2017 Freight Broker Compensation Data
We are still working our way through all the data from the 2017 TIA freight broker compensation survey and are noticing some interesting trends. Note this graph:
This graph shows data from the 2015, 2016 and 2017 surveys on the methods used to pay shipper sales. The choices were:
Flat commission: a single commission rate (e.g., 10% of gross margin) is paid
Marginal or retroactive commission: commission rates vary based on productivity tiers (retroactive goes back to the first dollar, marginal pays the higher rate only on the dollars in the tier)
Goal-based incentive: pay is tied to a specific goal attainment level (e.g., 80% of goal pays 25% of the target incentive)
Declining commission: higher rate for initial time period, then lower rate for subsequent time periods, etc.
Team pool: commission calculated on a team result and divided among team members (may be evenly divided or according to some pro-ration method)
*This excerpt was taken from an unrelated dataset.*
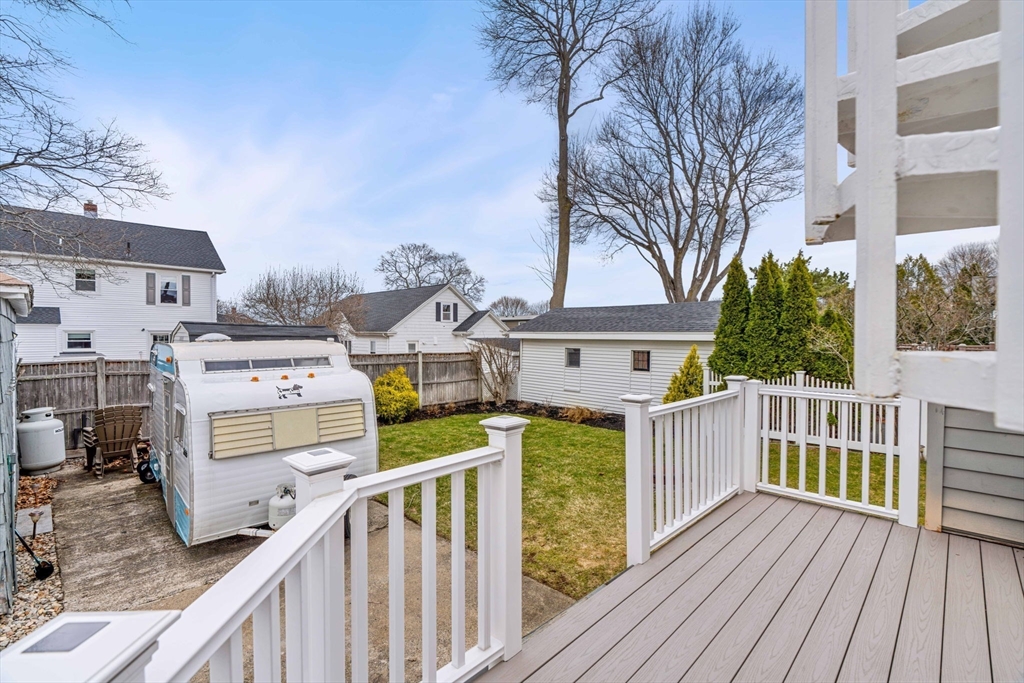 13 Evans Road Peabody, MA 01960 - Photo 39 of 41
Bounty, KPI or MBO or Other: there are a multitude of ways to pay incentives, this is the catch all bucket for all of the other methods
If you just scan from the first set of data (2015) to the last set (2017) and focus on the blue (straight commission) and peach (tiered commission) columns, a change is clearly visible. Fewer organizations are using a straight commission approach with more opting toward using a tiered commission, either retroactive or marginal.
Why This Is Good
This is a good and welcome change as straight commissions provide ZERO flexibility to deal with fluctuations in the economy, types of accounts, or capacity crunches that create higher freight rates. On a straight commission, the payout is the same percentage, regardless of the CAUSE of the volume increase. Using a tiered approach, the tiers can be adjusted to account for swings that are not the result of the sales reps’ actions (either up or down). Tiers provide management the ability to fine tune the payouts to the actual effort required and balance out pay for performance in a more equitable fashion. Straight commissions, though far easier to communicate and calculate, provide NONE of that flexibility. Note however that to use tiers, you cannot pay only transactionally. Instead you need to aggregate results to a time bound performance period (e.g., monthly gross margin $) and then find the appropriate payout rate that goes with that performance. You can still then pay it out transactionally (each load from that month gets assigned that one rate) if you use a retroactive approach. This allows you to continue paying when paid, if you choose. If you prefer the mathematically better “marginal” rate where commission rates are applied to each bucket and the buckets added together, you will need to shift from paying when paid, to paying on some earlier point in the cycle – delivery or invoice.
There are many considerations that go into changing from a straight commission plan to a tiered plan, and these are just a few. But it’s heartening to see companies finally making this change, though I suspect it’s largely because current economic conditions have forced the issue.